2Na + 2EtCN = NaCN + C2H4 + C2H4NaCN;
C2H4NaCN + C2H4CN = C6H9NaN2.

The greater the concentration of the cyanide the more of it is acted on by the sodium. On increasing the dilution the formation of sodium cyanide becomes less and less, as is observed by the decreasing amount of Prussian blue obtainable from the resulting sodium ethoxide of the reduction. After a certain dilution its formation and that of ammonia becomes practically nil. The generation of ammonia in this case cannot be ascribed to the hydrolysis of the nitrile because there is no water present and if the ethyl hydroxide be taken for the water and the hydrolysis be assumed, still ammonia cannot result, but either a primary or a secondary base will be formed.

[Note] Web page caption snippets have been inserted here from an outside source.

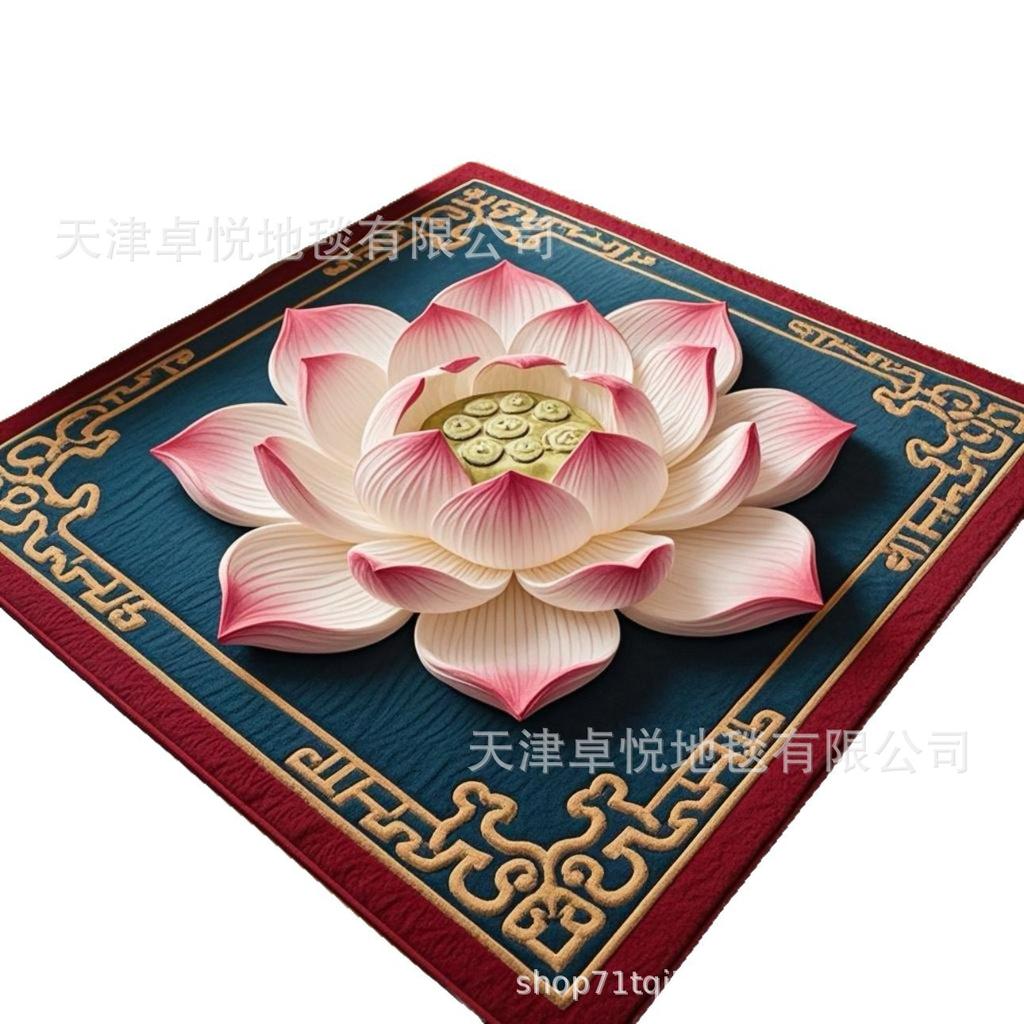 Ковер в новом китайском стиле, ковер «Лотос», противоскользящий, простой в уходе, легко чистится, напольный коврик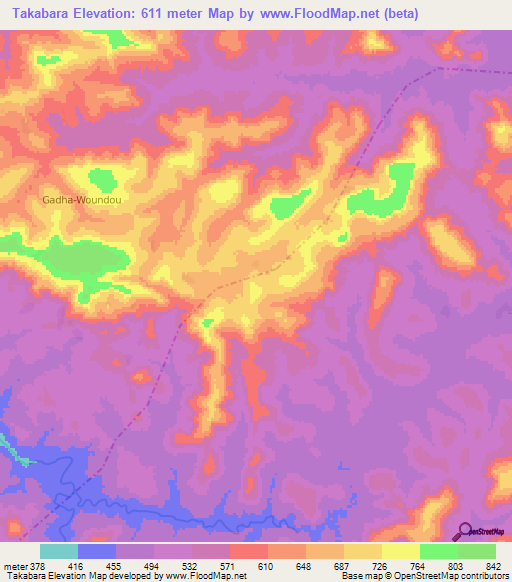 Takabara,Guinea Elevation Map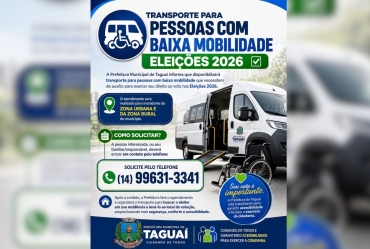 Taguaí disponibilizará transporte para pessoas com baixa mobilidade nas eleições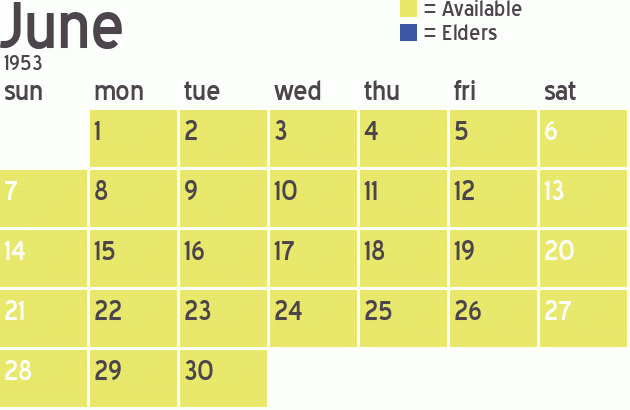 Missionary Dinner Calendar
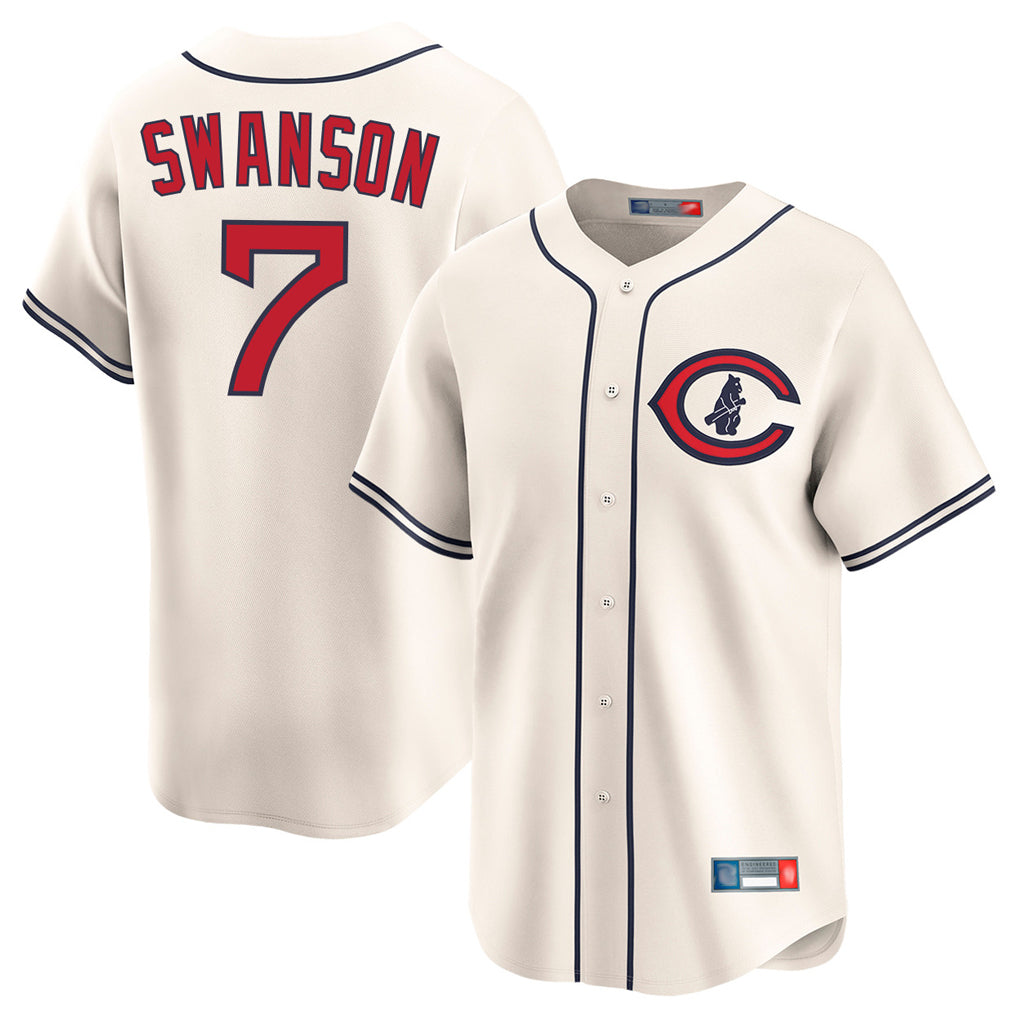 harde C.Cubs #7 Dansby Swanson Player Cream Field of Dreams Limited Home Game Stitched Jerseys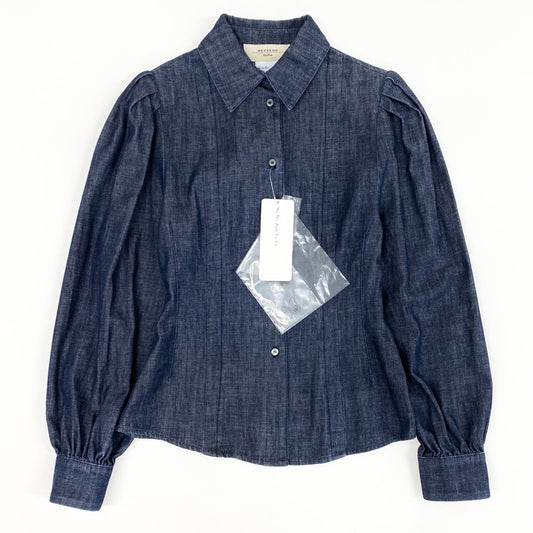52d10 《新品タグ付き》 Max Mara マックスマーラ WEEKEND ウィークエンド デニムシャツ 長袖ブラウス トップス ショルダータック 23511112376 サイズ34 インディゴブルー コットン100% レディース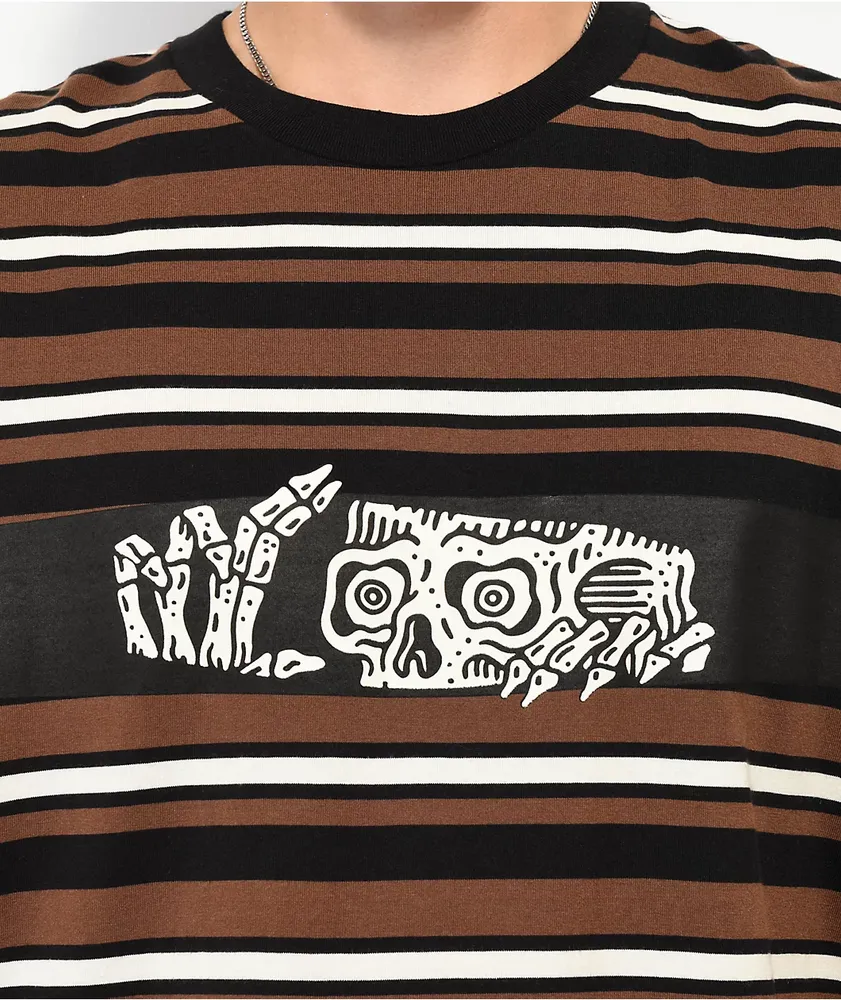 Lurking Class by Sketchy Tank Peeking Brown & Black Stripe T-Shirt
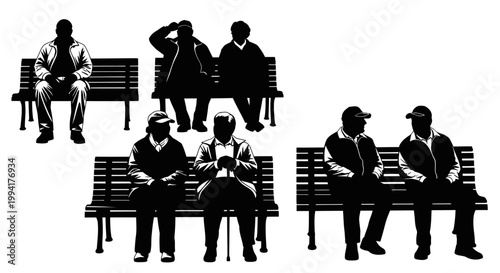 Silhouettes of people sitting on benches.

It can, however, be explained by assuming the excessive hydrogenation of the nitrile:

RCN + 6H = RCH3 + NH3.

After several experiments it has been found that the following method is most suitable for the maximum yield: Five cc. of the nitrile are diluted with 75 cc. of absolute alcohol. Five grams of freshly cut sodium are introduced into a 500 cc. flask fitted with an inclined reflux condenser and a tap funnel. The mixture is added in portions of 5 cc. at a time and the flask is heated by means of a liquid paraffin bath at temperatures between 50C and 60C. After four such additions 5 cc. of absolute alcohol are to be added and the amine evolved by distillation is absorbed in hydrochloric acid diluted with an equal bulk of water. When all of the mixture has been added, sufficient alcohol is next poured in so that a layer remains above the surface of the solid sodium ethoxide in the flask. When the evolution of hydrogen practically ceases some more alcohol is added and the flask is heated up to the neck on a water bath, taking off the condenser and directly connecting the flask with the absorbing bottles containing acid. Heating is continued as long as any alkaline vapor comes off. If all the alcohol is distilled and yet some amine remains in the flask, more alcohol is to be added and distilled. By evaporating the acid solution on a water bath the crude amine hydrochloride is obtained, which is then extracted with a mixture of 15 cc. of absolute alcohol and 10 cc. water free ether. Thus pure amine hydrochloride is obtained, free from any ammonium chloride, as salammoniac is insoluble in the above menstruum, especially when the amine hydrochloride is present in excess.(7) Some typical results are given below:

Alkyl Cyanide : Nitrile cc. : Alcohol cc. : Amine HCl g. : NH3Cl g. : Theory Amine g.
Methyl cyanide : 5 : 50  : 3.8  : 0.63 : 7.9
Methyl cyanide : 5 : 75  : 7.6  : 0.0  : 7.9
Methyl cyanide : 5 : 100 : 7.58 : 0.0  : 7.9
Ethyl cyanide  : 5 : 50  : 4.36 : 0.5  : 7.0
Ethyl cyanide  : 5 : 75  : 6.4  : 0.07 : 7.0
Propyl cyanide : 5 : 75  : 6.1  : 0.03 : 6.3
Propyl cyanide : 5 : 100 : 6.0  : 0.06 : 6.3

1. Ann., 121, 229.
2. Ibd., 144, 139.
3. Ber., 19, 1783.
4. Ray and Rakshit, Trans. Chem. Soc., 99, 1471, 101, 141.
5. Frankland and Kolbe, Ann., 65, 281.
6. Chem. Soc. Abs., 1889, 114.
7. Winkler, Ann., 93, 324; Ray and Rakshit, J. Chem. Soc., 99, 1471.